Here it finally is, the blog about the performance we achieved with our shoebox sized datacenter at the NLVMUG conference. I discussed the hardware and software in my previous posts. Let me quickly explain the test setup first though.
This contraption does close to 160000IOPS
We used three virtual machines running ubuntu 12.04, one VM on each NUC. Each VM has 2vCPUs and 4GB of RAM assigned and has an additional disk attached to a PVSCSI adapter. That disk is formatted with ext4 using 4KB block size and the partition is aligned on 4KB. The mount option “noatime” is used to prevent unnecessary disk writes.
All three load generators run FIO. FIO uses job files to configure the workload. Below is the job file I used for the read only tests.rw=randread blocksize=4k blockalign=4k iodepth=32 direct=1 size=1g runtime=120 time_based filename=/mnt/bench/test.file
This gives us 100% random, 100% read operations of 4KB in size. Queue depth used in 32 and the file size is 1gig. De file below was used for to run read/write combining testsrw=randrw rwmixwrite=25 blocksize=4k blockalign=4k iodepth=32 direct=1 size=1g runtime=120 time_based filename=/mnt/bench/test.file
So this gives us 4KB sized read or writes. 100% of the operations is random and 25% are write operations.
100% read without acceleration
First test is a test without any PernixData FVP acceleration, so this shows the performance of the small iSCSI NAS we used. I have to say the performance is pretty unreliable as the people who attended our session will notice that the values showed here are not exactly the same they saw on the big screen. Anyways, Here is the performance graph of a test with 1, then 2, then 3 VMs hammering on the iSCSI NAS:
Let’s take a look at the upper graph here which shows the number of IOPS. As you can see the performance scales up nicely when adding the second VM (2nd spike in the graph). Probably because the data for the first one was already in the NAS cache.
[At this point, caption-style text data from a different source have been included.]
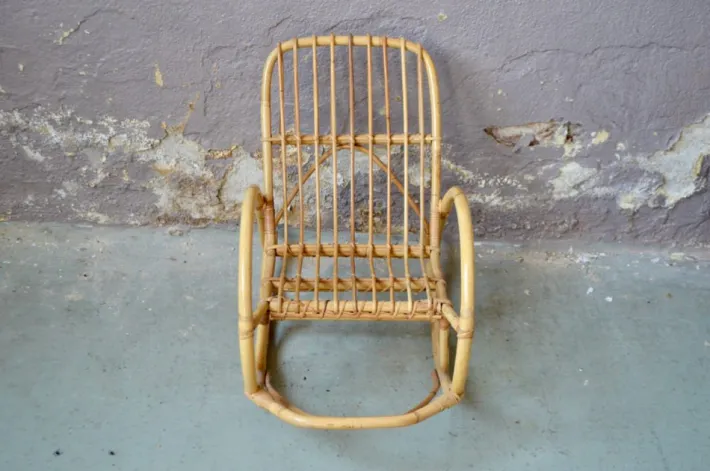 Pamono Rocking Chair in Rattan Discount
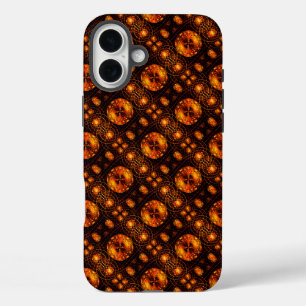 Gouden moderne boho elegante abstracte kunstpatroo iPhone 16 plus hoesje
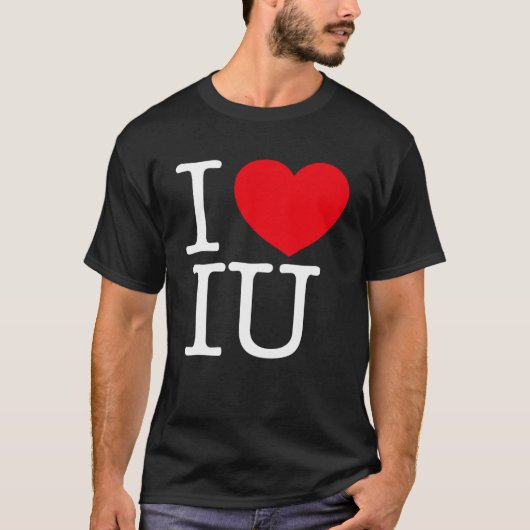 I LoveハートIU Tシャツ (正面)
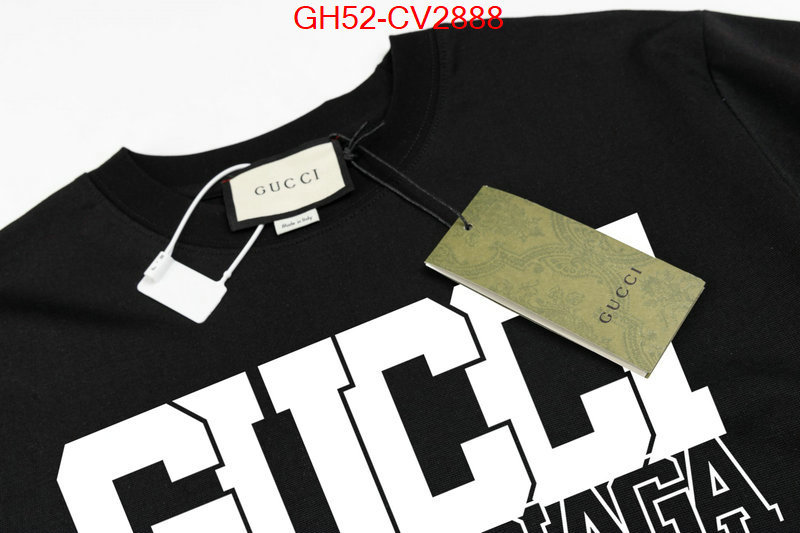 Clothing-Gucci best luxury replica ID: CV2888 $: 52USD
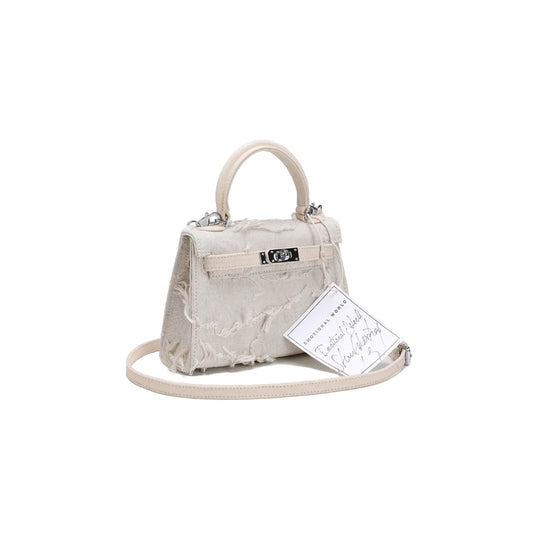 Vintage Shoulder Bag 19 (White)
When running the test from 3 VMs (3th spike in the graph) the number of IOPS only increases a bit. But that’s not the whole story. Take a look at the lower graph. This shows the latency to the datastore during the tests. The latency with just one VM is already very high. But with three VMs simultaneously hammering away on the NAS the latency shoots up. This is absolutely killing the performance and user experience on the VMs. Not only on the VMs running the test but all other VMs basically come to a standstill as well.
100% read with FVP acceleration
Now let’s enable PernixData FVP so we start caching on those nice Intel DC S3700 SSDs and run the same test. When starting this test a new test file is generated. Because FVP supports write-back caching this file is now in cache already. No need to warm up the cache.
Again the upper graph is the number of IOPS, the lower is the Latency. You may notice the different colors in the graph now. In the previous test we just used the datastore, no flash. In this test the red line represents the local flash and the purple line the datastore.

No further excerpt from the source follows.